I realized that I had run out of options. I had to go to the hospital. That evening, the night of December 29, I drove myself to WakeMed Cary and parked outside the entrance to the emergency department. Unfortunately, I had to park on the far side of the parking lot. It wasn’t a large parking lot, and had I been in good health, I could have walked to the entrance in a minute or two. But I wasn’t in good health, and I also had some things to carry. Knowing that I would probably be admitted, I had packed a gym bag with a few necessities. And I had the messenger bag that goes everywhere with me (basically my version of a purse). So I slung those bags on my person and started the trek to the entrance.

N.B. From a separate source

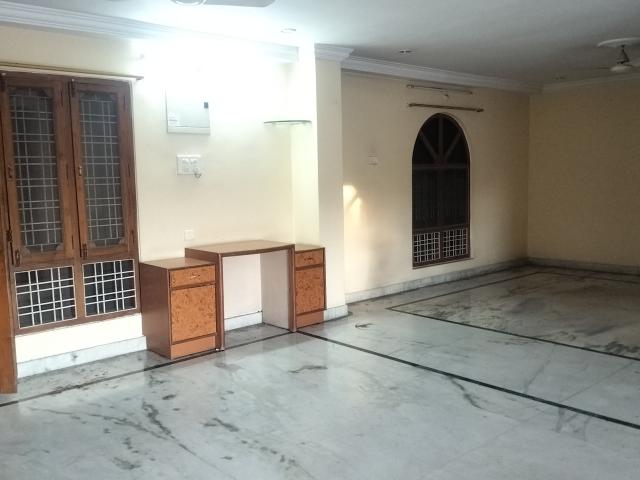Resale | 3 BHK + Pooja Room,Servant Room,Study Room 2000 Sq.Ft. Penthouse in Film Nagar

In my memory, that walk across the parking lot is the emotional low point. It seemed to take forever. I couldn’t move very fast, and I kept having to stop and catch my breath. Would I even make it to the door? Or would I collapse and die in the parking lot? That sounds melodramatic now, even to me. But it’s what was going through my head at the time.

Finally, I reached the entrance, approached the front desk, and explained (stopping frequently for breath) why I was there. Almost immediately, I was helped into a wheelchair and rolled into a sort of anteroom where I answered a bunch of questions from a nurse. Then a doctor checked my vital signs and reviewed what I had reported about my symptoms. On the basis of my difficulty breathing and the recent rapid weight gain, I was taken into a room in the emergency department for treatment.